++++ Data below

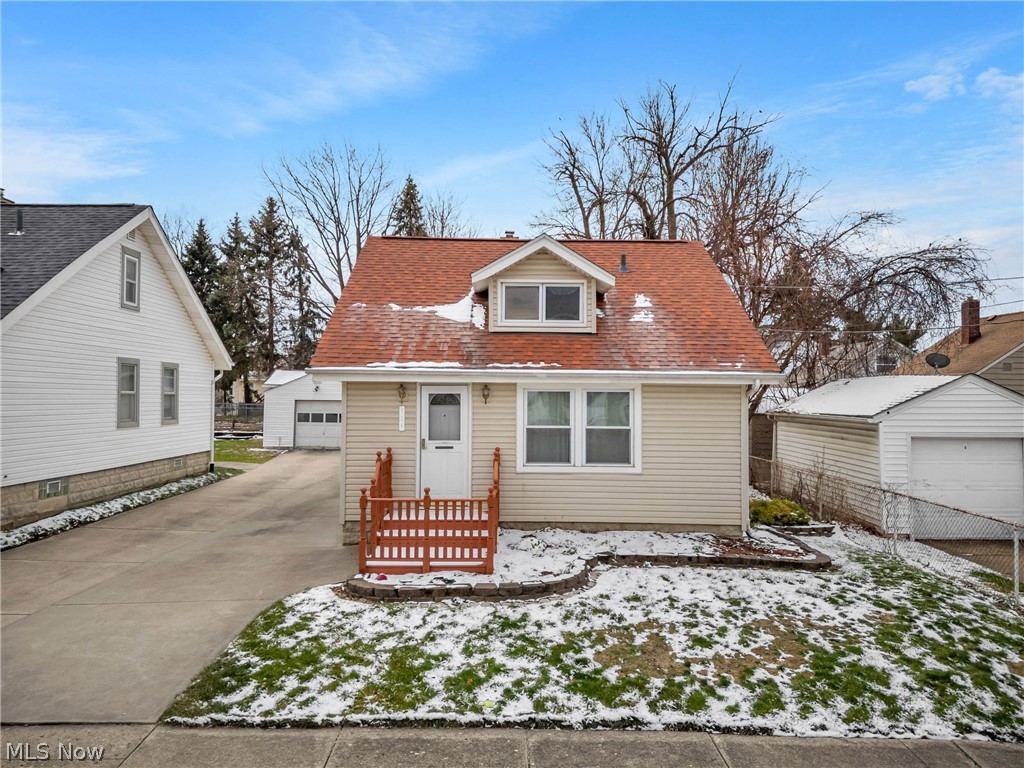 526 Clifford Avenue, Akron, OH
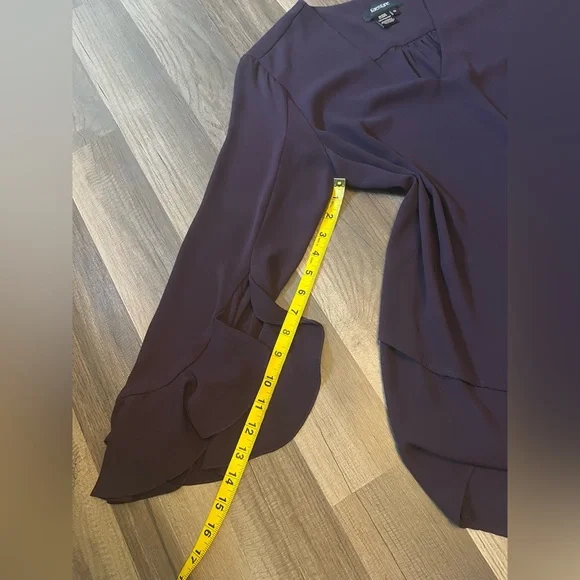 Karen Kane Bracelet Ruffle Sleeve Crossover Top & Faux Suede Moto Pants SZ M/L - Picture 10 of 16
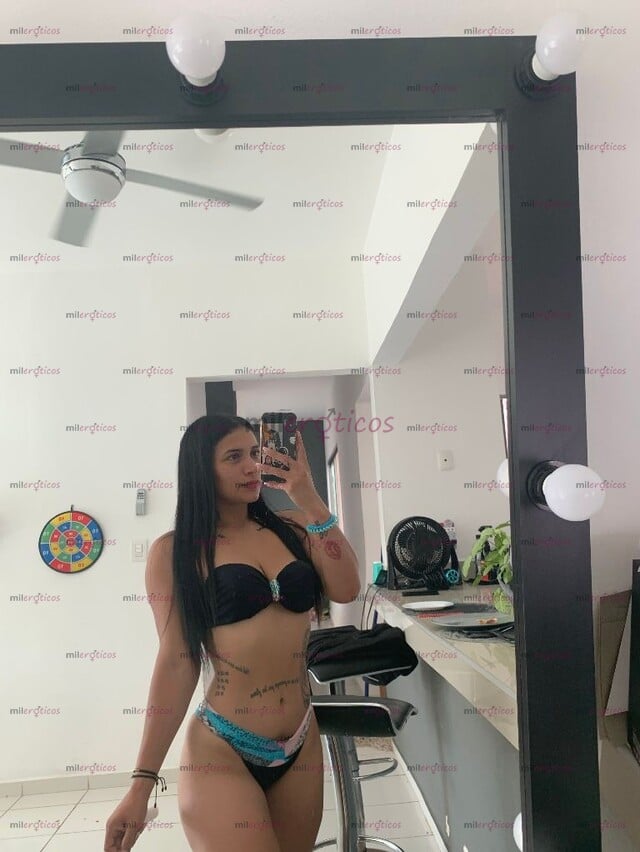 FOTOS DE COLOMBIANITA DISPONIBLE EN MÉRIDA APRETADITA Y RICA PARA TI PAPI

++++++++

• **What to work on**
Would you print the listing above in full, exactly, but with no pictures?

• **Response to this exercise**
 526 Clifford Avenue, Akron, OH
 Karen Kane Bracelet Ruffle Sleeve Crossover Top & Faux Suede Moto Pants SZ M/L - Picture 10 of 16
 FOTOS DE COLOMBIANITA DISPONIBLE EN MÉRIDA APRETADITA Y RICA PARA TI PAPI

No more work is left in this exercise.